I believe there’s quite a number of challenges with such an approach. Obviously Mapbox is running such a merging process inhouse for their multilingual maps, though they don’t provide the raw merged data to the outside world anymore. Even this scenario might cause some issues for map users, as they have no idea, where and how to fix potential issues. (and asking Mapbox to fix issues seems a bit difficult these days (see link)).

Let’s take a look at the general process. Other data consumers don’t only rely on Planet dumps, but also apply minutely diffs to keep their distributed databases up to date (you’ve been through this already…). Mappers also use such distributed mirror databases to download parts of the OSM data, hopefully do some improvements to the data and then upload it again to OSM.

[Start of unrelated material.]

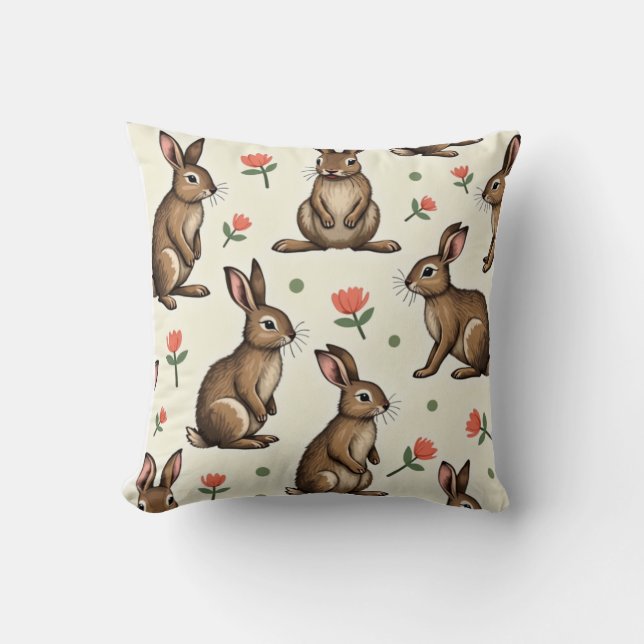 Vintage rabbit pattern  cushion (Front)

If we were to inject some data from wikidata (say the population, or an elevation tag, or maybe some tag which no longer is kept around in OSM) at some point in this process, it very quickly becomes quite messy: Once the replicated data hits such a database mirror, you have no idea where the data originates from anymore. On the other hand, people expect those tags (e,g, population / elevation) to be in OSM, so you won’t have much fun running a “pure OSM” version.

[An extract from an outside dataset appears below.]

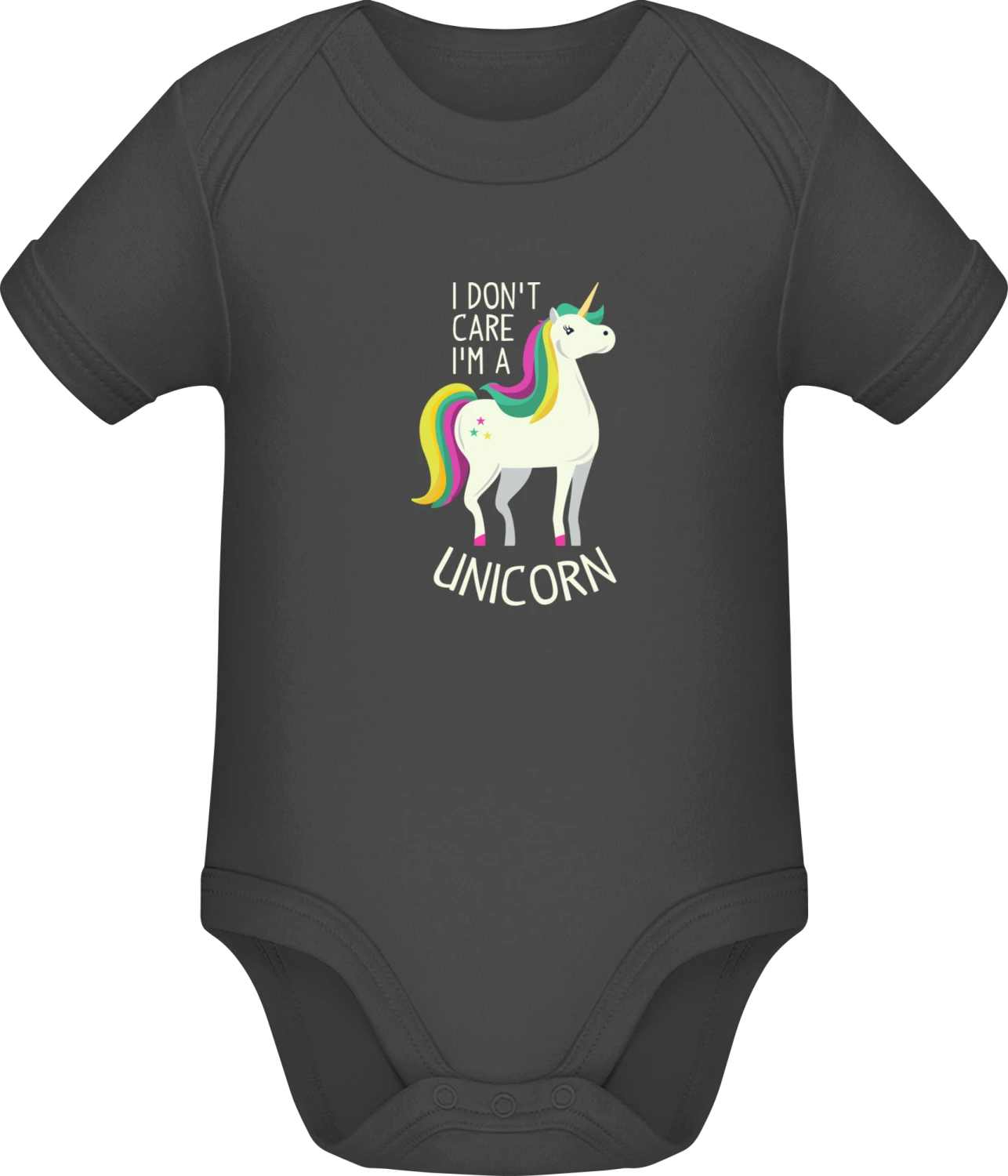 I don't care I'm a unicorn - Dark Grey Sonar SSL organic babybodsuit - Front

Bottom line: Keeping that clear cut distinction between “OSM only” and “augmented version” is something I consider not feasible in real life day to day usage of the data. And those are only the technical issues…

Population is an interesting topic. First of all, I noticed that your query somehow gives random results when multiple population tags at different points in time are available. Somehow this should be restricted to those valid at the current date. Apart from that it’s probably worthwhile looking into more details:

I noticed several cities in Australia, where population figure were copied to Wikidata from a more recent government source, while OSM still has data that is about 5 years older. However, on closer inspection it looks like the OSM value is still somewhere around 20000 inhabitants, while Wikidata had only 19. Unlikely that a population sees such a sharp decline in Western Australia in such a short timeframe.

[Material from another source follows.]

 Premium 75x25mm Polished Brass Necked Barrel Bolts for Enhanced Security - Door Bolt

For sure this requires further manual checking, and it’s even possible that the government figures are currently completely off due to some error in their process. Cross checking OSM vs. Wikidata could reveal such very strange discrepancies.

Other issues I noticed were caused by different definitions and interpretations of respective city boundaries (I know this sounds pretty weird). Again, a query to identify such cases adds a lot of value. Fixing issues requires further manual work. After all, both OSM and Wikidata might be wrong, and you cannot tell just by looking at the number itself.